L’Afrique peut-elle faire valoir sa culture sur l’échiquier mondial ?
L’Afrique probablement est un futur économique et une puissance économique mais il est un présent culturel et civilisationnel très fort. Nous ne devons pas laisser le monopole de la catégorie de la richesse et se lancer dans l’aspect purement matériel : il est aussi culturel, spirituel, humain, civilisationnel… J’ai bien aimé une image des publicités du Sénégal où une fois pour vendre la destination touristique on ne nous montrait pas les parcs, les plages… Et on disait : «Sénégal richesse intérieure». Là, on met en avant un avantage concurrentiel que nous avons : la qualité de l’intensité relationnelle, ce qui fait que la vie prend suc et sens.
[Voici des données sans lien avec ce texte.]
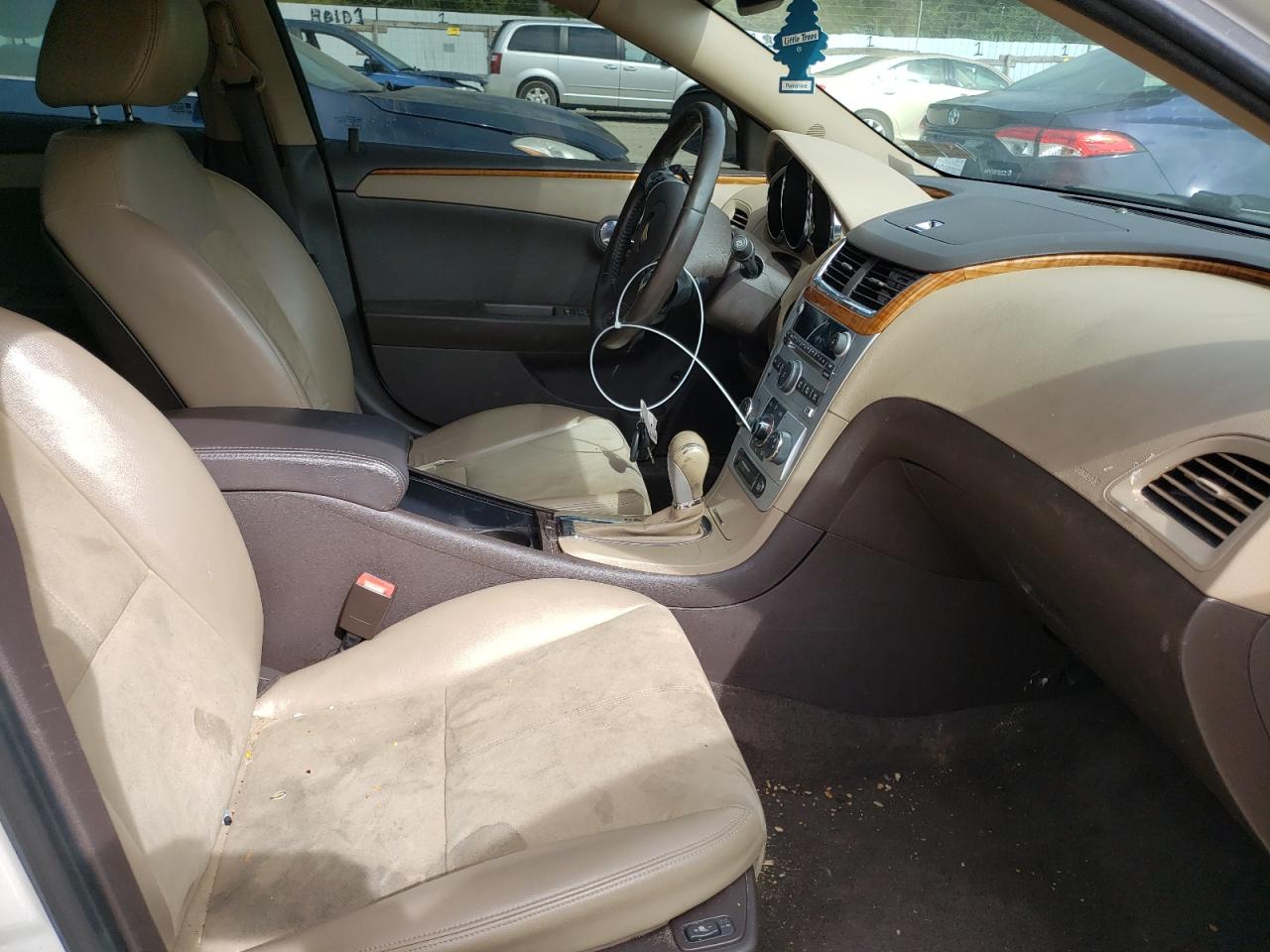 Photo 5 from auction – 2010 CHEVROLET MALIBU 2LT with VIN 1G1ZD5EB0AF270937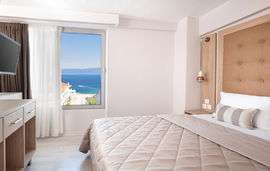 sarti premium studios and suites sarti sithonia 4 bed family suite attic side sea view 5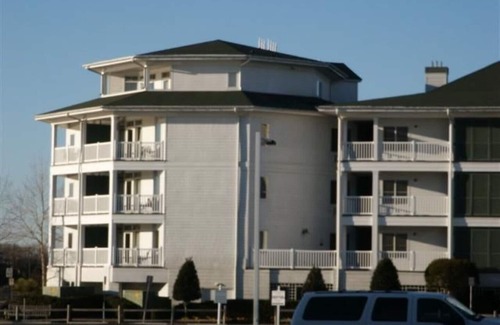 Northeast Virginia Beach Apartment | Studio at Turtle Cay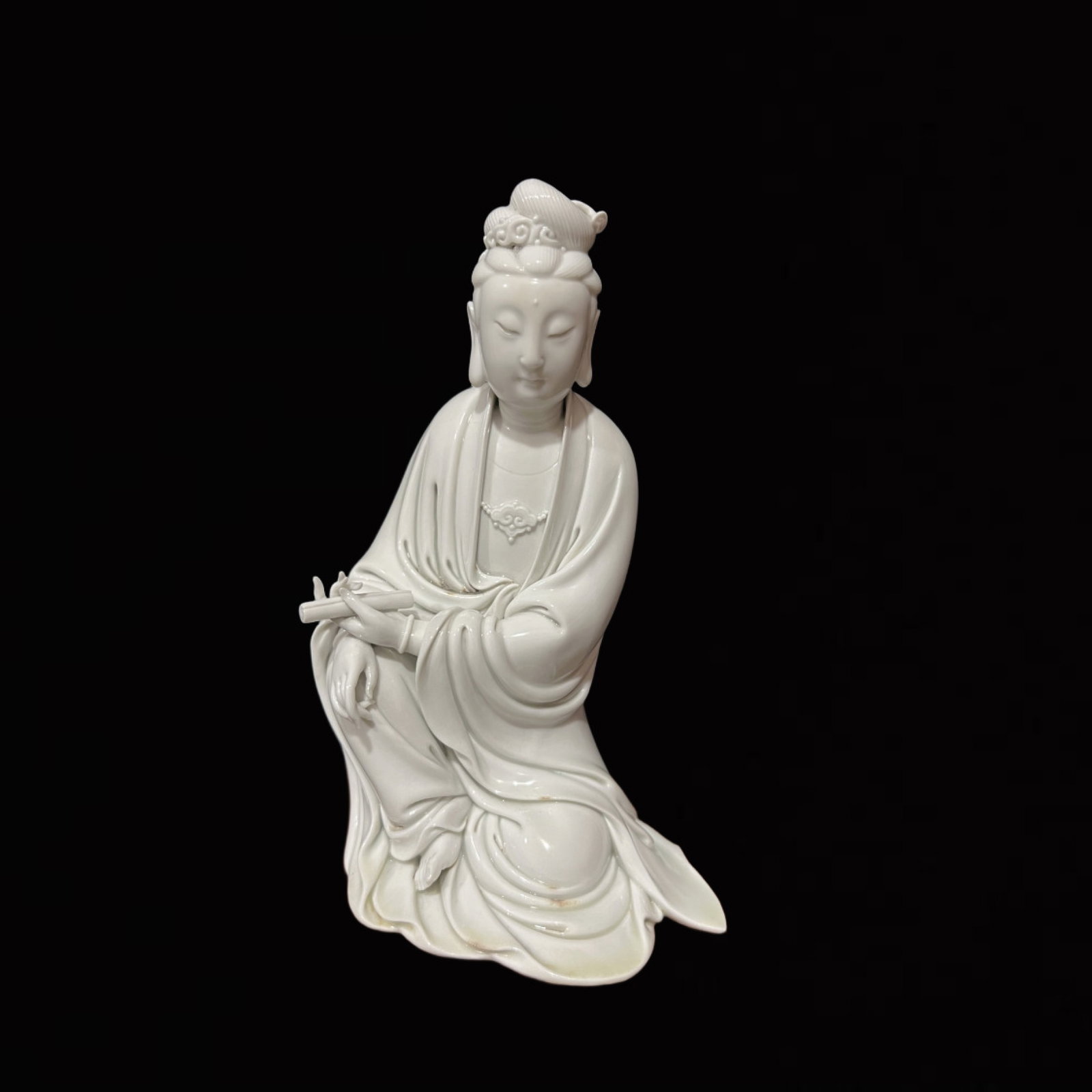 A Solemn Blance-De-Chine Statue of Avalokitesvara: A Solemn Blance-De-Chine Statue of Avalokitesvara,Ming Dynasty,China,He Chaozong Mark,Size:8.7in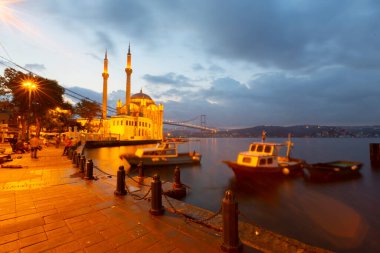 Byk Mecidiye Camii (Türkçe: 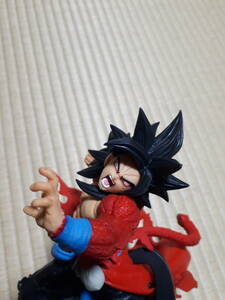 スーパードラゴンボールヒーローズ 9th ANNIVERSARY FIGURE－超サイヤ人4孫悟空：ゼノ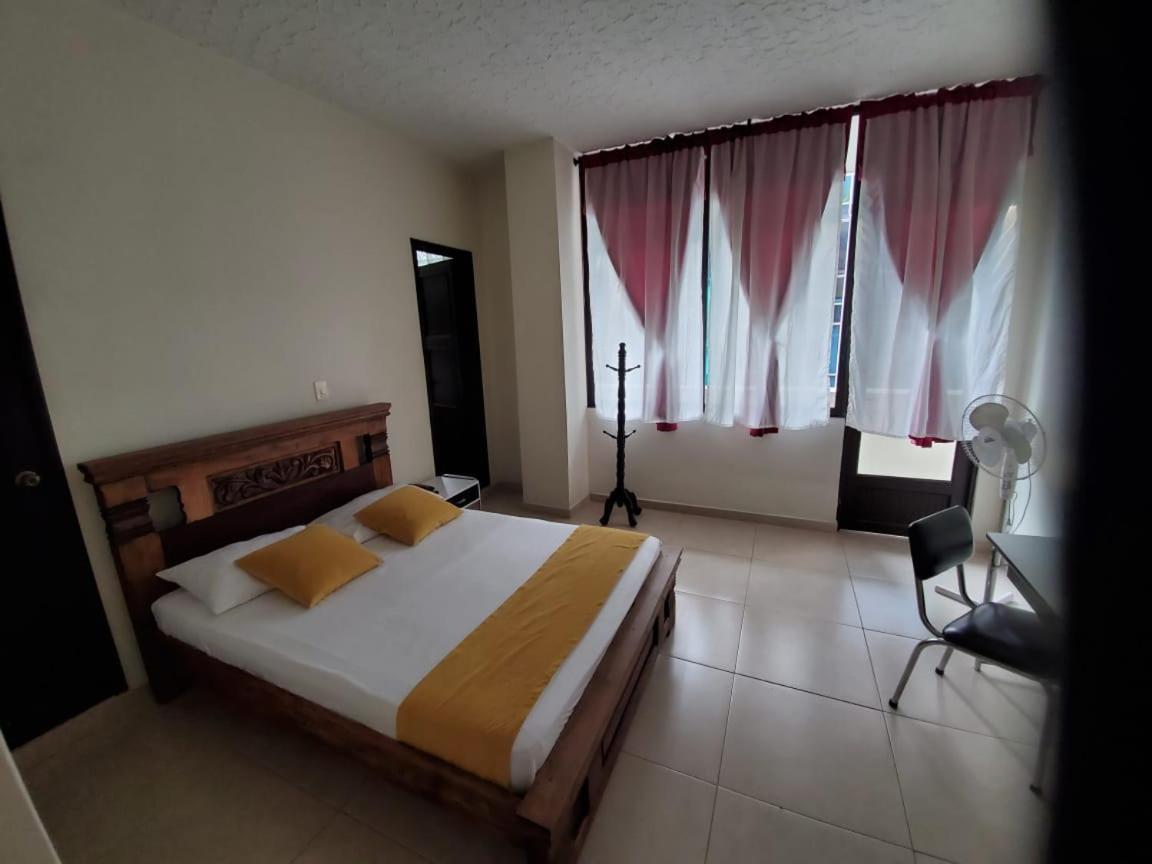Hotel Cataluna เปเรย์รา ภายนอก รูปภาพ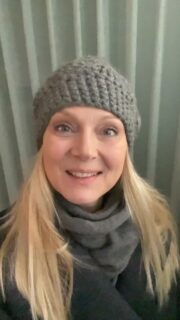 Glædelig jul til jer allesammen ❤️🤍❤️
Alle ledige tider for julen og nytår ligger på online bookingen! 
Kh. Anja
.
.
.
#japansklifting #kosmetolog #kbhk #godjul #metime jul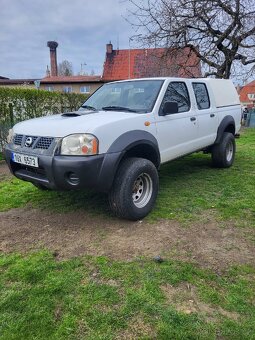 Nissan navara D22 double cap 2.5l - 4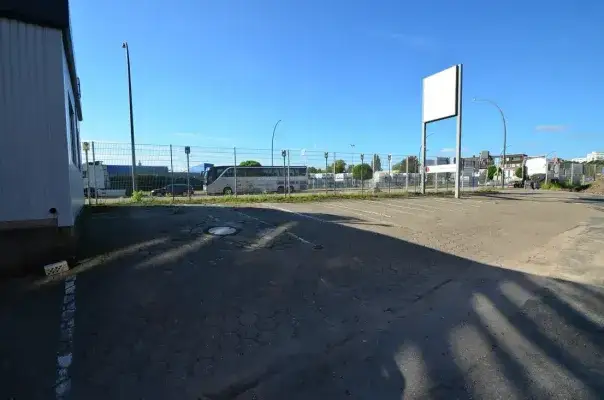 e9ea84d1-10a8-4a87-936b-259ca7d5686d-1927537542.we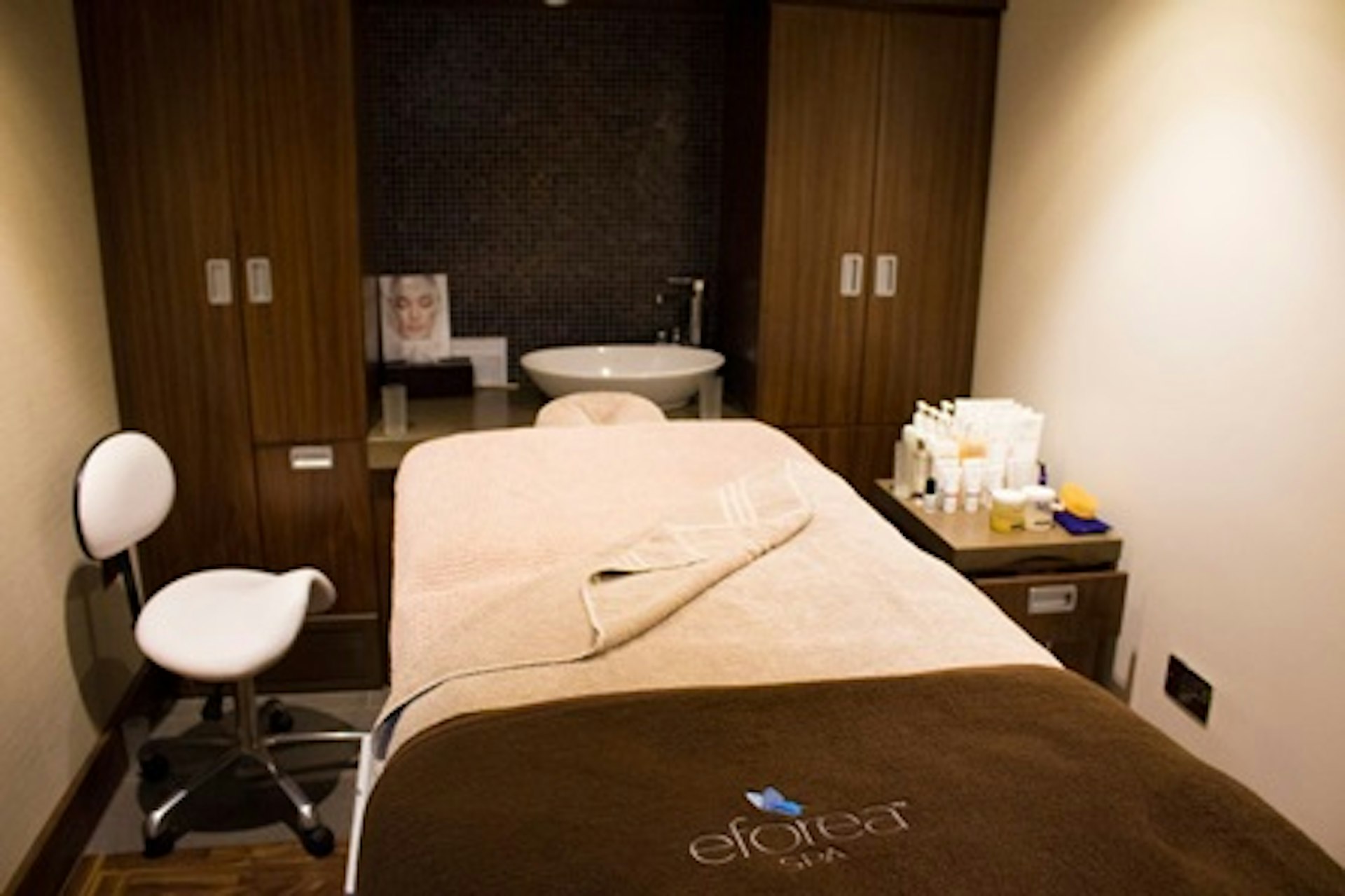 Sunday Night Spa Break with Dinner and Treatment for Two at DoubleTree by Hilton Hotel & Spa Liverpool 2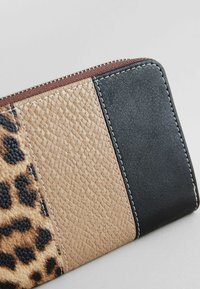 Next LARGE SPLICE  REGULAR FIT - Portafoglio - animal colour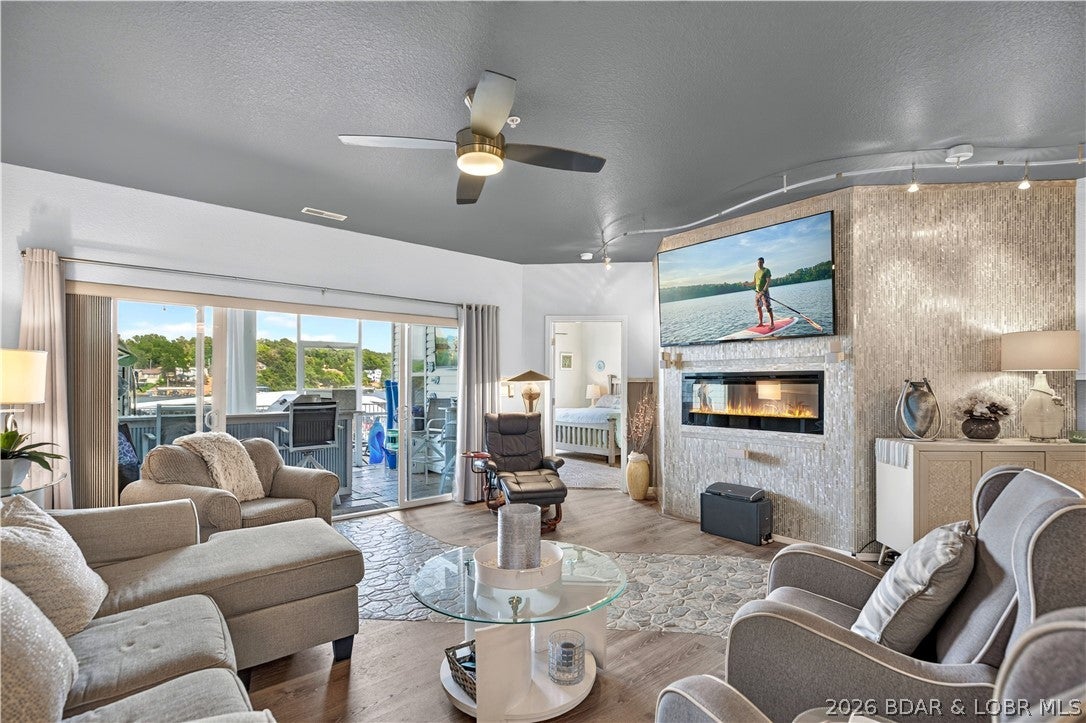 Isla Del Sol - Residential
Et ce n’est pas seulement votre économicité qui vous définit, vous êtes défini par un ensemble de dimensions de votre être. Et ces dimensions sur lesquelles nous sommes extrêmement bons, nous devons les nommer et les mettre en valeur.
Nous sommes dans un espace où nous devons nous réengendrer, nous réinventer et nous redéployer. La question, c’est : «à partir de quoi ? A partir de quel sol ? L’histoire ? Le passé ? Le présent ? Comment on articule notre héritage ? Est-ce que nous marchons à reculons ? Le rétroviseur ? Nos cultures, nos catégories intellectuelles et idéologiques ? Pour moi, le rôle des langages, de nos imaginaires est fondamental».